As will be seen from the chemical analysis of raw umber, it contains quite a high percentage of manganese dioxide, which constituent exerts a strong drying influence on linseed oil, even when it is not incorporated with the oil by heat. Umber, whether raw or burnt, that is put up in containers for the trade where it is liable to be held in storage for long periods, should not be mixed and ground in boiled linseed oil. Not only on account of its liability to form skins, but for the reason that when used in large portions with white to obtain certain effects on exterior painting, it would if not used judiciously by omitting much of the dryers, exert the same bad influence on the life of the paint, as if an excess of dryer had been used. If the dry pigment is in fine powder and of soft texture, it is best ground on 20 or 24-inch esopus stone mills, running at no higher speed than that suggested for grinding sienna, as too high a temperature in the mill is very apt to darken its natural color. If it is harsh in texture, buhr stones are required to grind it down to proper fineness without needing many runs. Raw Turkey umber of good average quality will require its own weight of raw linseed oil to produce a smooth paste, while American raw umber usually requires thirty-five pounds of raw oil to sixty-five pounds pigment for one hundred pounds of paste.

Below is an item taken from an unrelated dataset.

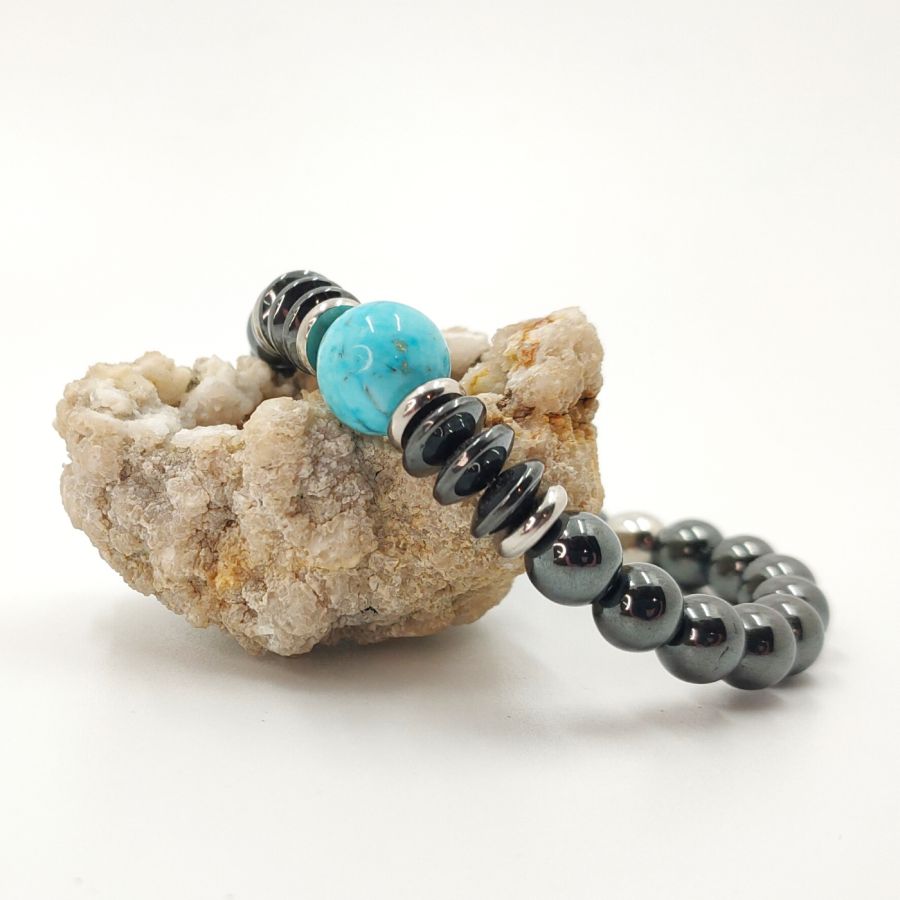 Grey hematite and blue amazonite bracelet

For use as a japan or coach color, none but the best grade of raw Turkey umber of the olive hue should be selected, and it is best to temper the very quick drying of the color somewhat by the addition of raw linseed oil, this addition depending upon the strength of the japan. The usual proportions being 46 per cent by weight of pigment, 50 per cent japan and 4 per cent oil.

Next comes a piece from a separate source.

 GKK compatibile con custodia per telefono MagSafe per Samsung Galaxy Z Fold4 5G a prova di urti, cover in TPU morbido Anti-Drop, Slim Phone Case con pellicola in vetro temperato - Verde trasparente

For artists' tube color only the very warmest olive toned raw Turkey umber should be selected and ground very fine in poppyseed oil, on stone mills of small diameter, not permitting too high a temperature, so as not to dull the natural tone. Here as in the ordinary oil color, oil and pigment will be about equal in weight. While raw umber is not used to any great extent ground in water, it is all the same necessary to have it on the list of distemper colors, as it is desirable for producing certain effects in fresco or distemper painting. To produce one hundred pounds of finished paste will require a mixing of sixty pounds water with fifty pounds pigment, the loss being caused by the evaporation of the water during the grinding process.